### [ENTRIES SHOWN]
--------------------

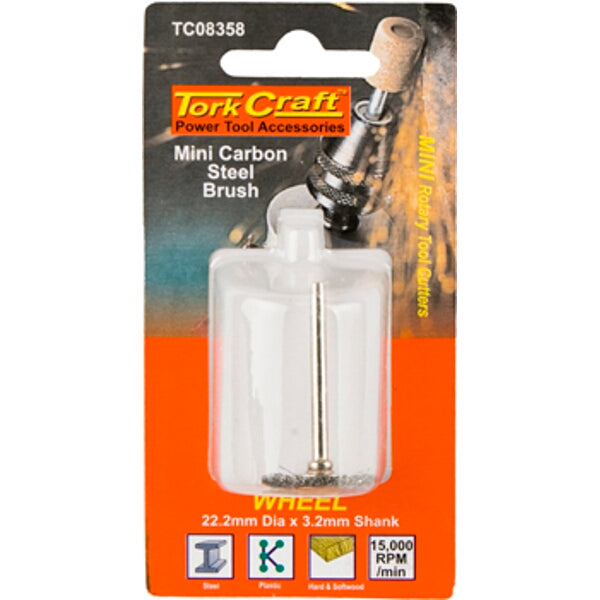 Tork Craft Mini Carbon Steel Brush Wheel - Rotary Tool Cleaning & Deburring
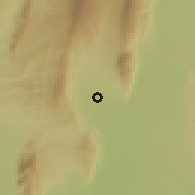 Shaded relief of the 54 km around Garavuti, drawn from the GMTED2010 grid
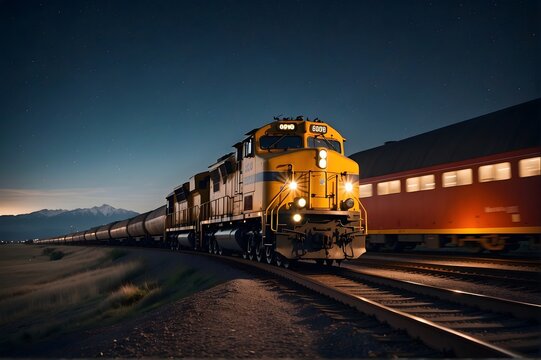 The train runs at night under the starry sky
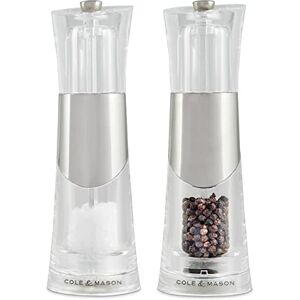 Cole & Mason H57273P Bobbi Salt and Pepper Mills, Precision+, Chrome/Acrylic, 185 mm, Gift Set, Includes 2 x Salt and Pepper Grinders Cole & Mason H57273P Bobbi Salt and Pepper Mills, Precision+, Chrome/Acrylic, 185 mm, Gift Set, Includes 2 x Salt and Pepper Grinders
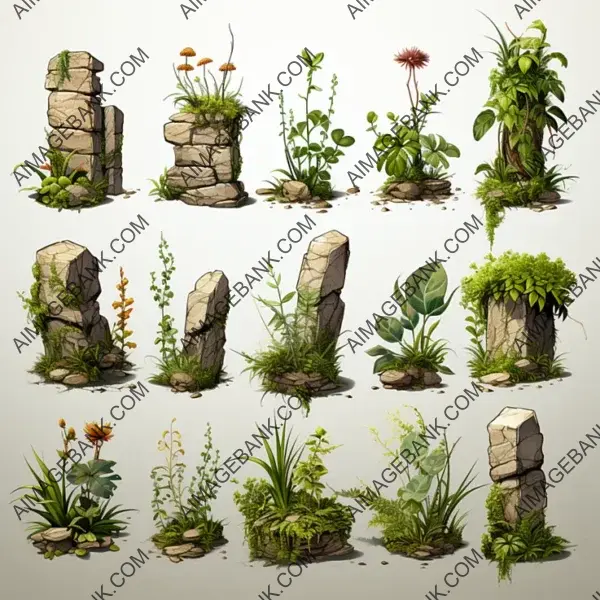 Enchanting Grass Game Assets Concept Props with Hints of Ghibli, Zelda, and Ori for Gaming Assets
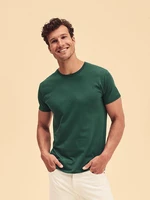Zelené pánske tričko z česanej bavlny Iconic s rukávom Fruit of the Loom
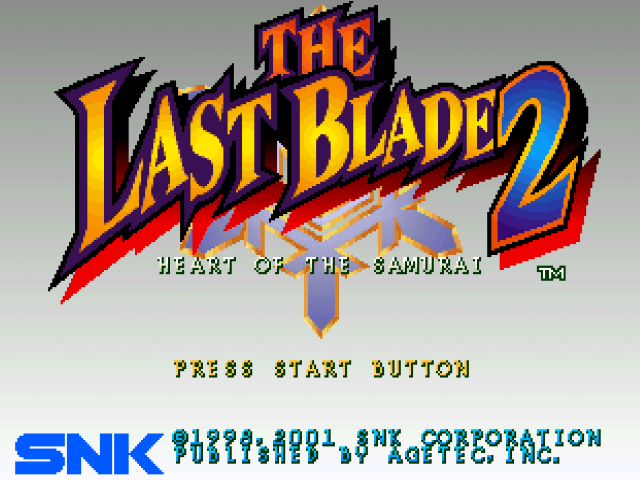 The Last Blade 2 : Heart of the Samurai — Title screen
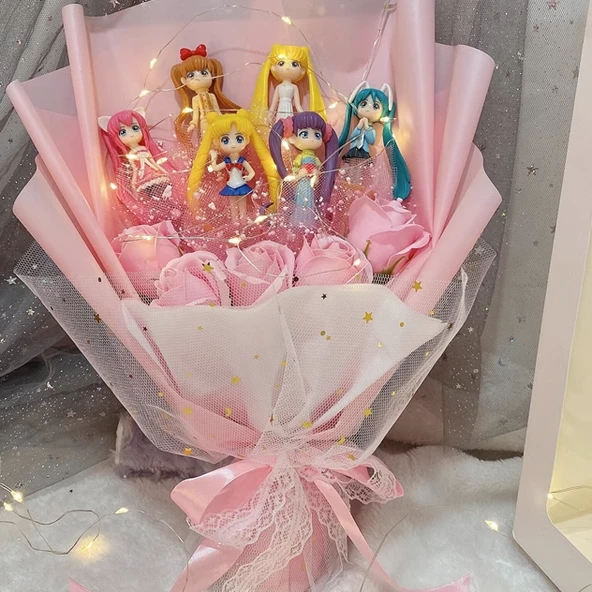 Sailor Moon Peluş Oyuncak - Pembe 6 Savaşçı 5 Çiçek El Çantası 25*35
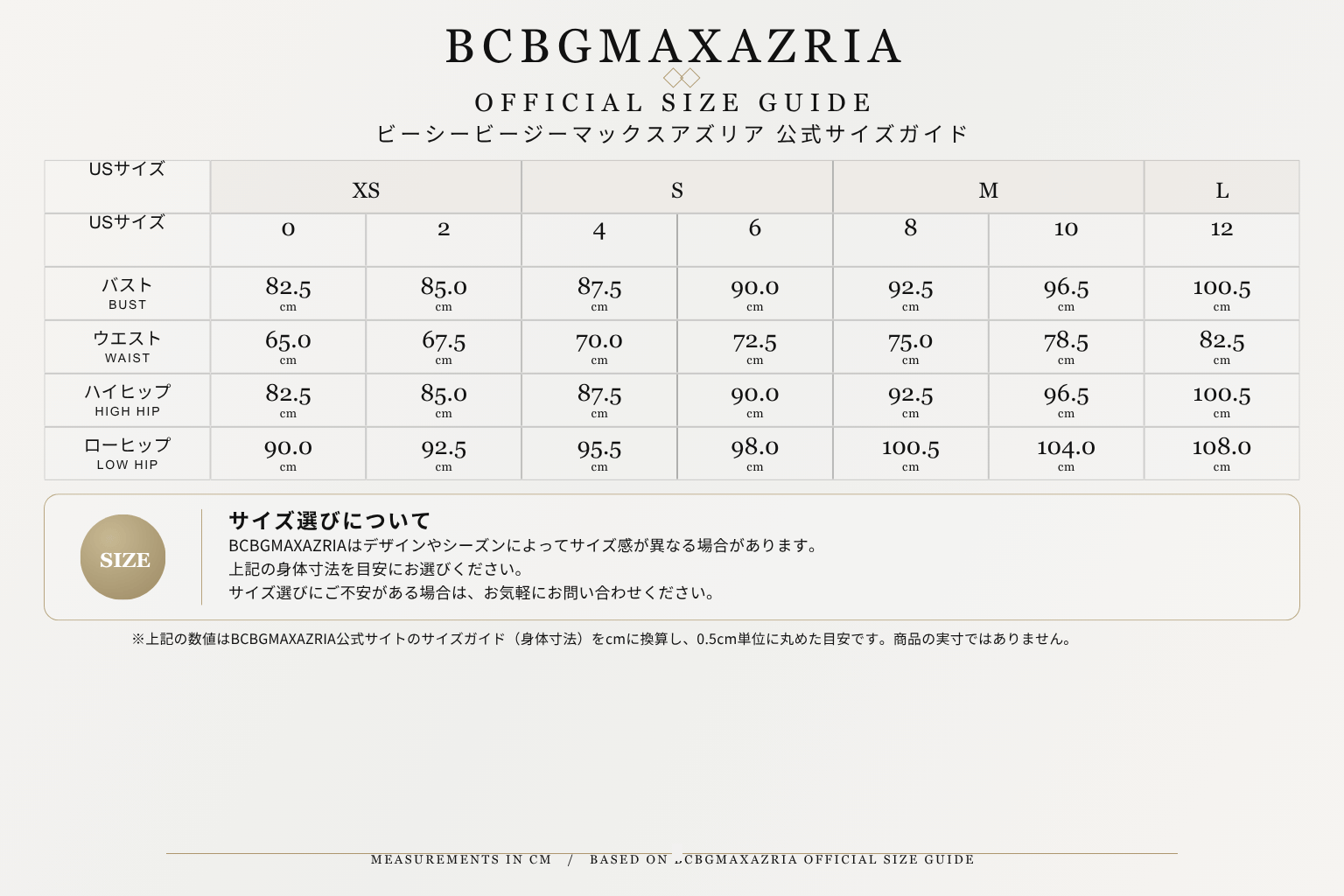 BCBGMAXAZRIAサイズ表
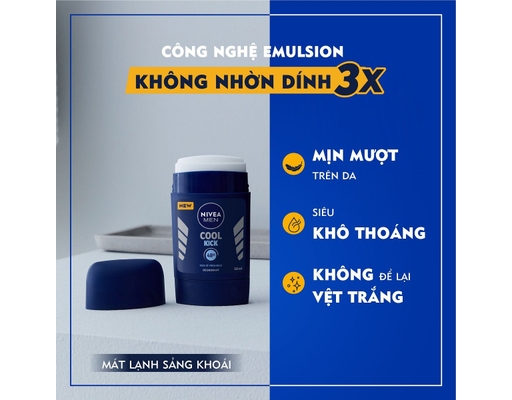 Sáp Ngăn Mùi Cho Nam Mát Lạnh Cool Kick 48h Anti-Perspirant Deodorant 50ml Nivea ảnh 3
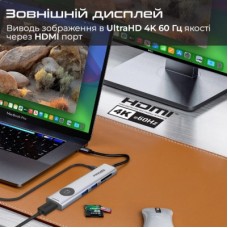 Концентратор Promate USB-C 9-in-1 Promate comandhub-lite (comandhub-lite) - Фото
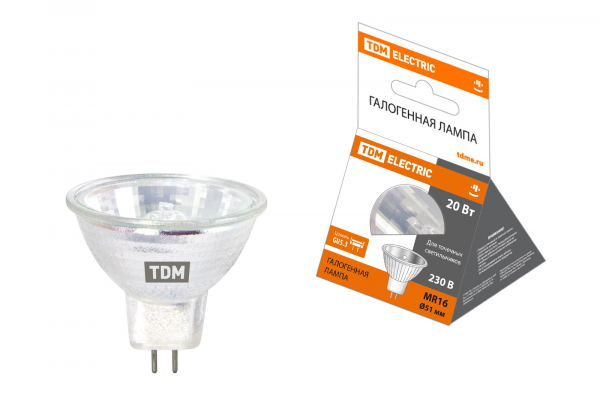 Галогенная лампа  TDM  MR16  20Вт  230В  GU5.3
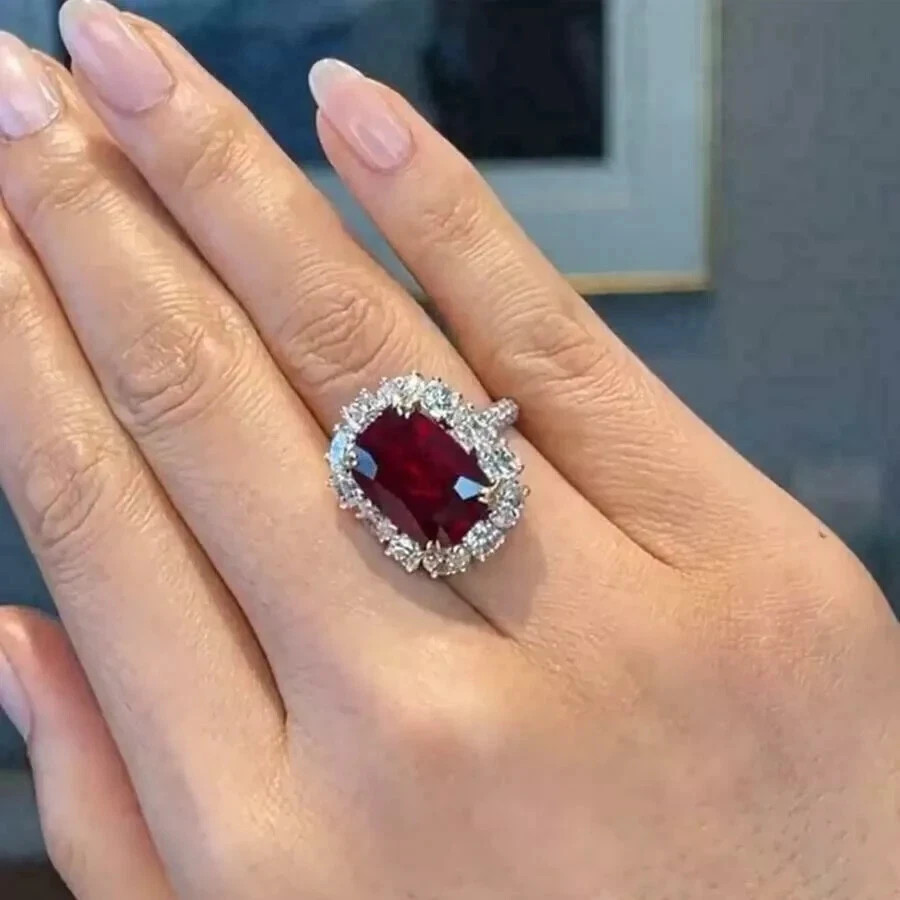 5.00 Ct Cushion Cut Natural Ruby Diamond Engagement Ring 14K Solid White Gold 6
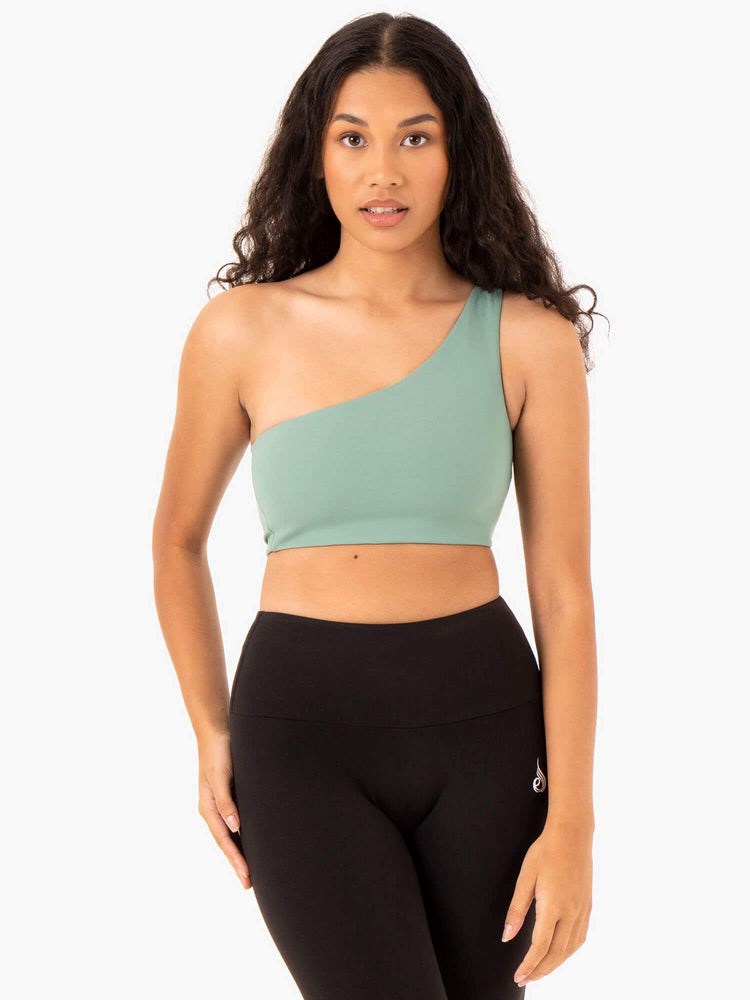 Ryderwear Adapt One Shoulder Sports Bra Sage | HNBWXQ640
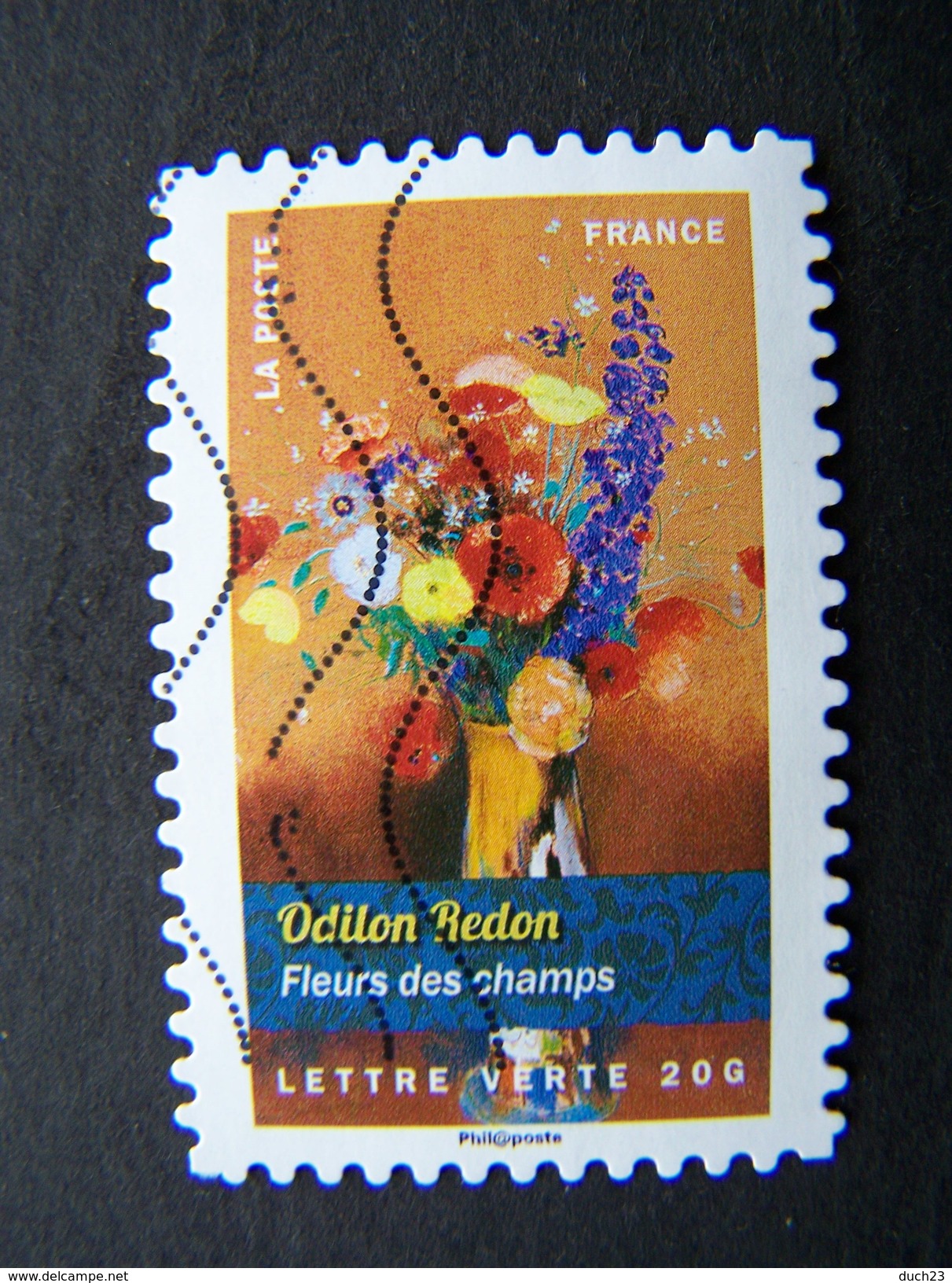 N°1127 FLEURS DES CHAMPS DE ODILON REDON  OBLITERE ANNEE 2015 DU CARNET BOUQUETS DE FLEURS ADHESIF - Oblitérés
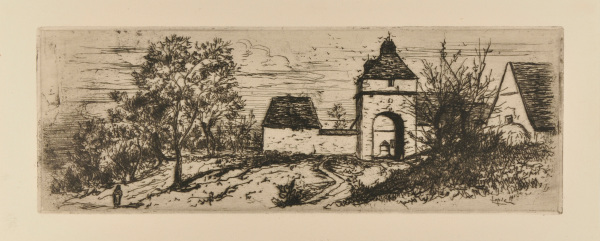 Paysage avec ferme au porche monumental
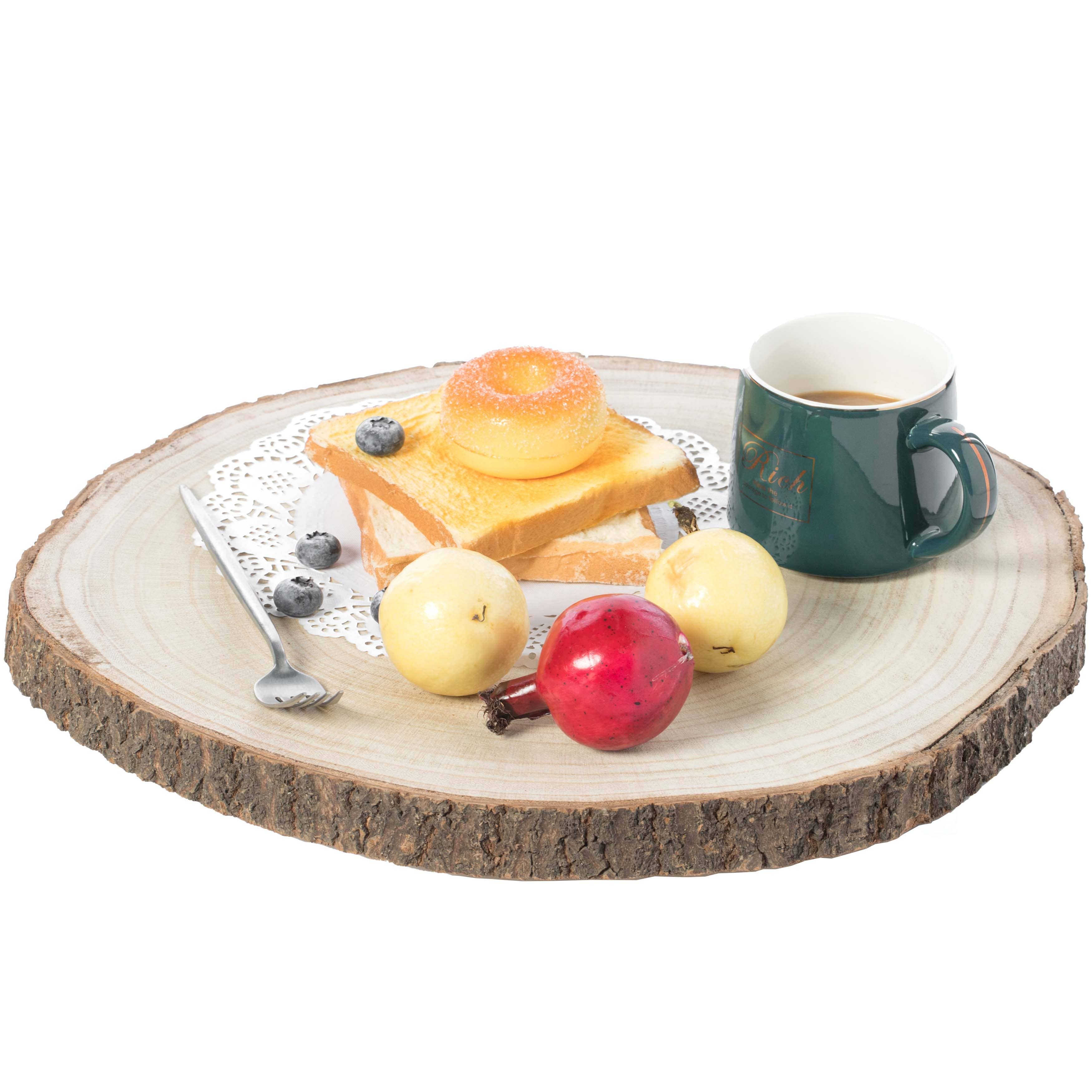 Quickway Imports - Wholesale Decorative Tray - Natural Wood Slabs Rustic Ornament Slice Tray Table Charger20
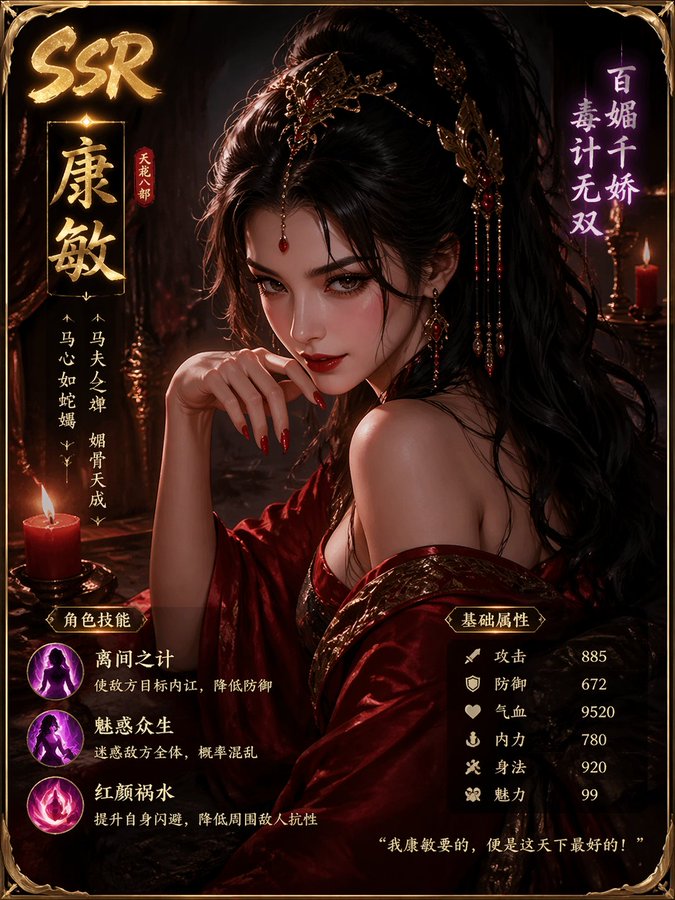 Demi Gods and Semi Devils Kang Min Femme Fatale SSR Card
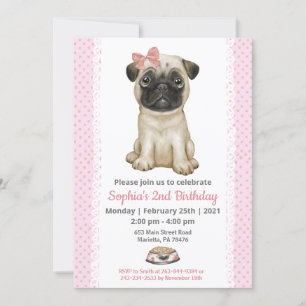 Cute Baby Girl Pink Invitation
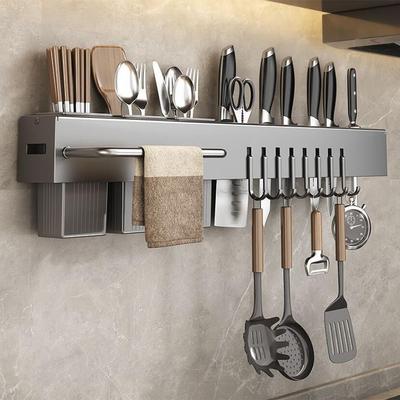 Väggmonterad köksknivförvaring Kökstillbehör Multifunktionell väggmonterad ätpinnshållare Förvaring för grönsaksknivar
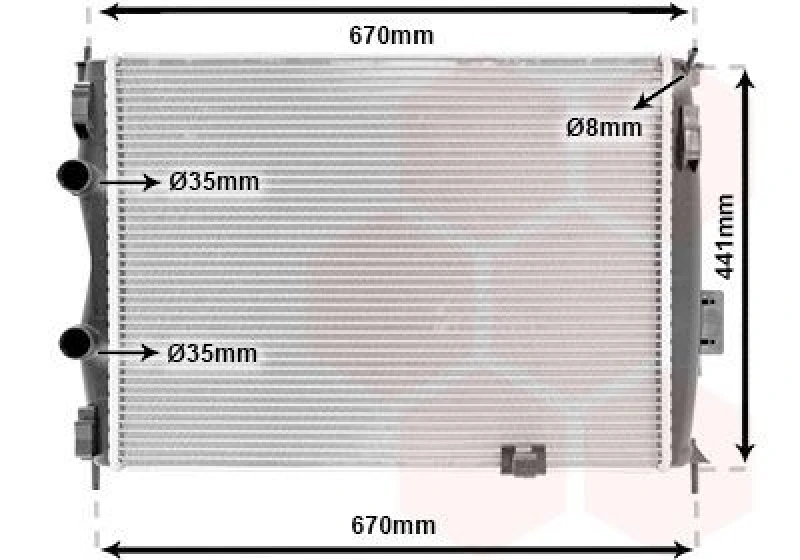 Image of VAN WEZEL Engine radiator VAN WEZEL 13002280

--------------------

### [EXERCISE AIM]
Word for word, restate all of the records. Exclude the pictures.

### [RESPONSE TO THE TASK]
 Tork Craft Mini Carbon Steel Brush Wheel - Rotary Tool Cleaning & Deburring
 Shaded relief of the 54 km around Garavuti, drawn from the GMTED2010 grid
 The train runs at night under the starry sky
 Cole & Mason H57273P Bobbi Salt and Pepper Mills, Precision+, Chrome/Acrylic, 185 mm, Gift Set, Includes 2 x Salt and Pepper Grinders Cole & Mason H57273P Bobbi Salt and Pepper Mills, Precision+, Chrome/Acrylic, 185 mm, Gift Set, Includes 2 x Salt and Pepper Grinders
 Enchanting Grass Game Assets Concept Props with Hints of Ghibli, Zelda, and Ori for Gaming Assets
Zelené pánske tričko z česanej bavlny Iconic s rukávom Fruit of the Loom
 The Last Blade 2 : Heart of the Samurai — Title screen
 Sailor Moon Peluş Oyuncak - Pembe 6 Savaşçı 5 Çiçek El Çantası 25*35
 BCBGMAXAZRIAサイズ表
 Sáp Ngăn Mùi Cho Nam Mát Lạnh Cool Kick 48h Anti-Perspirant Deodorant 50ml Nivea ảnh 3
 Концентратор Promate USB-C 9-in-1 Promate comandhub-lite (comandhub-lite) - Фото
 Галогенная лампа  TDM  MR16  20Вт  230В  GU5.3
 5.00 Ct Cushion Cut Natural Ruby Diamond Engagement Ring 14K Solid White Gold 6
 Ryderwear Adapt One Shoulder Sports Bra Sage | HNBWXQ640
 N°1127 FLEURS DES CHAMPS DE ODILON REDON  OBLITERE ANNEE 2015 DU CARNET BOUQUETS DE FLEURS ADHESIF - Oblitérés
 Paysage avec ferme au porche monumental
 Quickway Imports - Wholesale Decorative Tray - Natural Wood Slabs Rustic Ornament Slice Tray Table Charger20
 Demi Gods and Semi Devils Kang Min Femme Fatale SSR Card
 Cute Baby Girl Pink Invitation
 Väggmonterad köksknivförvaring Kökstillbehör Multifunktionell väggmonterad ätpinnshållare Förvaring för grönsaksknivar
 Image of VAN WEZEL Engine radiator VAN WEZEL 13002280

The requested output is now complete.